◆ **Data supplied**:
>>>

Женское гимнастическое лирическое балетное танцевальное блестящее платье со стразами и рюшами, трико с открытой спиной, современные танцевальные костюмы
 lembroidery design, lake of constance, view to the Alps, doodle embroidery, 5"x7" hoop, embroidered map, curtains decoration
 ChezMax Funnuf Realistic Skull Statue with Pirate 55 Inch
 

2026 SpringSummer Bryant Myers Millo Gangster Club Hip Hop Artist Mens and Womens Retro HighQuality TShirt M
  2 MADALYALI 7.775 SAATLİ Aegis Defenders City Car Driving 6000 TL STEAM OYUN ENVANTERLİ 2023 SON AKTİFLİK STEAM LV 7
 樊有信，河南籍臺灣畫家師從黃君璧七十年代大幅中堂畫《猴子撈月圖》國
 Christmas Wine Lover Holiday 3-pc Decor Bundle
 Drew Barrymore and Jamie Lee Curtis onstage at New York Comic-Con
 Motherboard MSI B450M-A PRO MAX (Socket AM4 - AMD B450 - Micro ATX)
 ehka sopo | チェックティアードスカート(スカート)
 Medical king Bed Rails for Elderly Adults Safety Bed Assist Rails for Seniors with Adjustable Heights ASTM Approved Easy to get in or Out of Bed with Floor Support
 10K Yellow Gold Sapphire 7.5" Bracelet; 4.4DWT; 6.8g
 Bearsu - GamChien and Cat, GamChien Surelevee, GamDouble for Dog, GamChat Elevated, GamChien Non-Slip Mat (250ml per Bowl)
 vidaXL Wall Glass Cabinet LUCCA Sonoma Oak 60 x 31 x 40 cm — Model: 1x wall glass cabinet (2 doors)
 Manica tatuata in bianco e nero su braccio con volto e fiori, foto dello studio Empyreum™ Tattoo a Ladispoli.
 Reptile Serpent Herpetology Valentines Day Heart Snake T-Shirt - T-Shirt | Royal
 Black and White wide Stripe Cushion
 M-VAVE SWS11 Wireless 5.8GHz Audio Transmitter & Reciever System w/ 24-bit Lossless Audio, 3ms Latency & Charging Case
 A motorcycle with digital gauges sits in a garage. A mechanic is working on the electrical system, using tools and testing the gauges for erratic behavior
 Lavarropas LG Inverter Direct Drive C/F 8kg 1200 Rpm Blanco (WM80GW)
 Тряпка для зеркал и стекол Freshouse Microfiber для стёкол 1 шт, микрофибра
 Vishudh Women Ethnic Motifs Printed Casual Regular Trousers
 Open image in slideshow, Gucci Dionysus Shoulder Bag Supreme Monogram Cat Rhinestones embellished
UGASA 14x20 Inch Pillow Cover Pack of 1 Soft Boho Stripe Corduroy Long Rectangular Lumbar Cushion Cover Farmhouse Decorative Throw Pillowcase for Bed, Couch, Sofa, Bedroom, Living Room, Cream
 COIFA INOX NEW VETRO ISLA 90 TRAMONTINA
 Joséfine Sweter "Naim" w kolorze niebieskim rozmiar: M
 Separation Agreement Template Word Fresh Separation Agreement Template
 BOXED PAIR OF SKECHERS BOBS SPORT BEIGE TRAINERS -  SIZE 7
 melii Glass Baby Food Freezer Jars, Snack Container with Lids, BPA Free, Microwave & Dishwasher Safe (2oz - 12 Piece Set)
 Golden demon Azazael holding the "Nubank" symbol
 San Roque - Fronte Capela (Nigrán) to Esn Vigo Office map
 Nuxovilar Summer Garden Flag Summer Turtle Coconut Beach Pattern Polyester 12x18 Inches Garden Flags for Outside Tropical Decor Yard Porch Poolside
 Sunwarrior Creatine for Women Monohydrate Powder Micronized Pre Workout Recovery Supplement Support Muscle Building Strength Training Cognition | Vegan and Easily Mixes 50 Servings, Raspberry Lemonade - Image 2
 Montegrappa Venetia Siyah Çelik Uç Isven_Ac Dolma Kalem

<<<

◆ **Problem statement**: Copy each line above that contains the word "Cushion".

◆ **Solution to this problem**:
 Black and White wide Stripe Cushion
UGASA 14x20 Inch Pillow Cover Pack of 1 Soft Boho Stripe Corduroy Long Rectangular Lumbar Cushion Cover Farmhouse Decorative Throw Pillowcase for Bed, Couch, Sofa, Bedroom, Living Room, Cream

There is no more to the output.